**REQUIRED WORK**
How many lines in the entries below include the word "Mountains"? Respond with the number only.

**INPUT DATA**
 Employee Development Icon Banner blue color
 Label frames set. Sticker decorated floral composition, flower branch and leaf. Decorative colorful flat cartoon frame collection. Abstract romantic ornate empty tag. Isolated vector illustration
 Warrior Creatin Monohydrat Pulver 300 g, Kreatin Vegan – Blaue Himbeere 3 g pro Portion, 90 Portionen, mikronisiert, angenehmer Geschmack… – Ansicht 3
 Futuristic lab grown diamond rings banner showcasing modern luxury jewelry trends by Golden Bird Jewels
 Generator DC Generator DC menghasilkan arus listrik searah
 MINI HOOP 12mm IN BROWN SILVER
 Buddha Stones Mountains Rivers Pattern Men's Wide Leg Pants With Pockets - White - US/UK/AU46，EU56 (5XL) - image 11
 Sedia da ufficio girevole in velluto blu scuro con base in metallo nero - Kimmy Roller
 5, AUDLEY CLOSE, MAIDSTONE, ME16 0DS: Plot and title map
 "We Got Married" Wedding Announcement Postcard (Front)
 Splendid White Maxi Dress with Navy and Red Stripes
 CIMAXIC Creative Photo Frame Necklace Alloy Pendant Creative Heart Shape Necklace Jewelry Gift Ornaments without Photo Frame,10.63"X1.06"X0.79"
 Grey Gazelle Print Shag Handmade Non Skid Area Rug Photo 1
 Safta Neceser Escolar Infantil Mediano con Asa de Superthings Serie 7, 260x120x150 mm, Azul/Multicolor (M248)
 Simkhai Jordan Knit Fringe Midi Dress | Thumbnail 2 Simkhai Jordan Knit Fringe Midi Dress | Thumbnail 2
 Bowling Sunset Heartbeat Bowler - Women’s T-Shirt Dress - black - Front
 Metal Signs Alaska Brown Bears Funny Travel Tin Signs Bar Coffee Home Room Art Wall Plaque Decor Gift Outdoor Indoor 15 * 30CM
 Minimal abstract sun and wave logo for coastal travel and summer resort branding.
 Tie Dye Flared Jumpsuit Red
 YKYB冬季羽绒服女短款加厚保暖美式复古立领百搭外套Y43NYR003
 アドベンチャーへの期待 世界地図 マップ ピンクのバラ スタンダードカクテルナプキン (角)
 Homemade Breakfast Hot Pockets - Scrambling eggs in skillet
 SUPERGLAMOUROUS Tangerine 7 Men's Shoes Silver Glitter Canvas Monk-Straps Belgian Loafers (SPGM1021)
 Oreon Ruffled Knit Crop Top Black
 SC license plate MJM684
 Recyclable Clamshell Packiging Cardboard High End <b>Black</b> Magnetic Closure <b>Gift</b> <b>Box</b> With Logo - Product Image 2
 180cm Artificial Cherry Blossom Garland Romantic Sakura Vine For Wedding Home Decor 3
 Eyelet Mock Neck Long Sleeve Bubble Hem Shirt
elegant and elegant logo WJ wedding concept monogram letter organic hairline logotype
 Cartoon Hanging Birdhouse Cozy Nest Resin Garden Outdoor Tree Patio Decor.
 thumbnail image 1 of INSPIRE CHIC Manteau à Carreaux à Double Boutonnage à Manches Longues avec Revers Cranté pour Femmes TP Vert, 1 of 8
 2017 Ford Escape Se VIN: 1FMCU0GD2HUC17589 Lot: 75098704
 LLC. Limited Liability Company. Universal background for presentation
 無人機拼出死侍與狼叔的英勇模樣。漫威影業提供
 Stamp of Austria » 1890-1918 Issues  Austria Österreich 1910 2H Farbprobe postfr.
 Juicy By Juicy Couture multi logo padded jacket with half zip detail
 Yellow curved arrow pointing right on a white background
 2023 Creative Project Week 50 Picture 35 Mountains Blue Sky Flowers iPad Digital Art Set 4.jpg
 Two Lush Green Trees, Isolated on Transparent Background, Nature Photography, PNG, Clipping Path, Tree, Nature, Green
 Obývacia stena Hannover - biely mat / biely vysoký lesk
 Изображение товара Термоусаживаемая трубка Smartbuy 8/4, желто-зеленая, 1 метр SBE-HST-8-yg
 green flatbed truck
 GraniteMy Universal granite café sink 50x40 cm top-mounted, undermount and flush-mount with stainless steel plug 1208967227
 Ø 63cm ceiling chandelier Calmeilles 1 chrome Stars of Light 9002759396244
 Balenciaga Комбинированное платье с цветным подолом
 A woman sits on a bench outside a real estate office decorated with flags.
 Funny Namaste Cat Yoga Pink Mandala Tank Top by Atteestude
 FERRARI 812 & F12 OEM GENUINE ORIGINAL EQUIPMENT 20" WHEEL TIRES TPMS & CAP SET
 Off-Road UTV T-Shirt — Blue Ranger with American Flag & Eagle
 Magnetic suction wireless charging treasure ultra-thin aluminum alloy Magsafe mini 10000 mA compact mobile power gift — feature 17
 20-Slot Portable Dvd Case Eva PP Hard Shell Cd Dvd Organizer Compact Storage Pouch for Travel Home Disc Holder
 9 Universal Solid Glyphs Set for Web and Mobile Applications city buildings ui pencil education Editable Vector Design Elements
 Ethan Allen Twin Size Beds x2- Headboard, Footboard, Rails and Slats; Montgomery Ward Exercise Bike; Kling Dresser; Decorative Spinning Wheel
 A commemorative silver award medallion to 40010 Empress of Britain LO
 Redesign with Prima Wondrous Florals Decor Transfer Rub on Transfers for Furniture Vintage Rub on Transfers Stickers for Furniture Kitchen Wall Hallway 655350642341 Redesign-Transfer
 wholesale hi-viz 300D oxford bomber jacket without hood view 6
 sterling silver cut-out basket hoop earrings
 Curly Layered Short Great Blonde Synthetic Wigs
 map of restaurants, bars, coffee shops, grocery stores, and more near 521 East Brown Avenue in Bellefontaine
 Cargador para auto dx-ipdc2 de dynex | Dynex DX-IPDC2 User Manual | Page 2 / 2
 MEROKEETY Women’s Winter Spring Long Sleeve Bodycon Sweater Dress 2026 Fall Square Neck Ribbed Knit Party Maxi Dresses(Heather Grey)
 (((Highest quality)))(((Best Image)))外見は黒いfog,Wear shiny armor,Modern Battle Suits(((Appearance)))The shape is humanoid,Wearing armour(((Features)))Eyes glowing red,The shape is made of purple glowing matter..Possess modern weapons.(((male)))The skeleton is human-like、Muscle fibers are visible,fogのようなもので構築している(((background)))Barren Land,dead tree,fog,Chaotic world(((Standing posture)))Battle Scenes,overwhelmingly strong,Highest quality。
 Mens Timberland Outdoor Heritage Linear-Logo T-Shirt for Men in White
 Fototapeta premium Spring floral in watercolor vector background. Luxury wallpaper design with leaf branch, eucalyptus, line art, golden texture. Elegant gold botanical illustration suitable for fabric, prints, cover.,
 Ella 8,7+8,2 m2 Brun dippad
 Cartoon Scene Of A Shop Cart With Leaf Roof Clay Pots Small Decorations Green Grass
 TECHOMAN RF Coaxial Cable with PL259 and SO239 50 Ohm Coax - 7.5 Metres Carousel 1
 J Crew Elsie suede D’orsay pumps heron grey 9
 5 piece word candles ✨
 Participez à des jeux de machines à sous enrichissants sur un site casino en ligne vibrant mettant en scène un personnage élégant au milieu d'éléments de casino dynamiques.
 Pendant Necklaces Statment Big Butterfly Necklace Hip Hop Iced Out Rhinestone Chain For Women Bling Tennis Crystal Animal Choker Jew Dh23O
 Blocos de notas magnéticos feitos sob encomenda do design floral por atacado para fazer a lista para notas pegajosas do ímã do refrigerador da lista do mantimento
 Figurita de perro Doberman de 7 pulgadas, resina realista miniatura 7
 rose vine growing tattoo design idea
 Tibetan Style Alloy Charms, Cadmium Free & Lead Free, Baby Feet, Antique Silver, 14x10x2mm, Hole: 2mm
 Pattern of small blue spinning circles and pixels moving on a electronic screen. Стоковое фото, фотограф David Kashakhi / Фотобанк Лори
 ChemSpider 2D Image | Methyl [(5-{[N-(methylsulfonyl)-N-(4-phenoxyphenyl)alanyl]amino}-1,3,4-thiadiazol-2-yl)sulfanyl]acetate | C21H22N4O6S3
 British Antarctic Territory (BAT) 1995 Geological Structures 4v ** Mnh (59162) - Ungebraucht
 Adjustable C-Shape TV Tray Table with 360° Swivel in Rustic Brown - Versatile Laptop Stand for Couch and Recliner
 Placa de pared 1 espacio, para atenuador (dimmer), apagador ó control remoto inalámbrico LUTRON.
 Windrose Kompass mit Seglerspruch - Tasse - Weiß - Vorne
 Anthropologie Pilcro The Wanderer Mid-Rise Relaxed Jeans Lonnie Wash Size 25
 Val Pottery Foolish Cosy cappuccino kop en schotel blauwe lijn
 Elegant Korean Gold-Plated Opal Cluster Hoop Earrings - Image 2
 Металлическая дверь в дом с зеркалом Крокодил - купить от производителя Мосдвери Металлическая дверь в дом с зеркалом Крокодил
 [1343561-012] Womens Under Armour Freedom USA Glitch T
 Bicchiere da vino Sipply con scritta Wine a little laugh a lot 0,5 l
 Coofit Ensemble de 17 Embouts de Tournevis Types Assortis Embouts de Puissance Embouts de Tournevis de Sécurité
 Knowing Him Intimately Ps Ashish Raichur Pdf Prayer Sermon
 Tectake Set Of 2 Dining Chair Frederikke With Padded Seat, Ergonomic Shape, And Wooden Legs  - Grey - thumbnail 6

**COMPLETED TASK**
2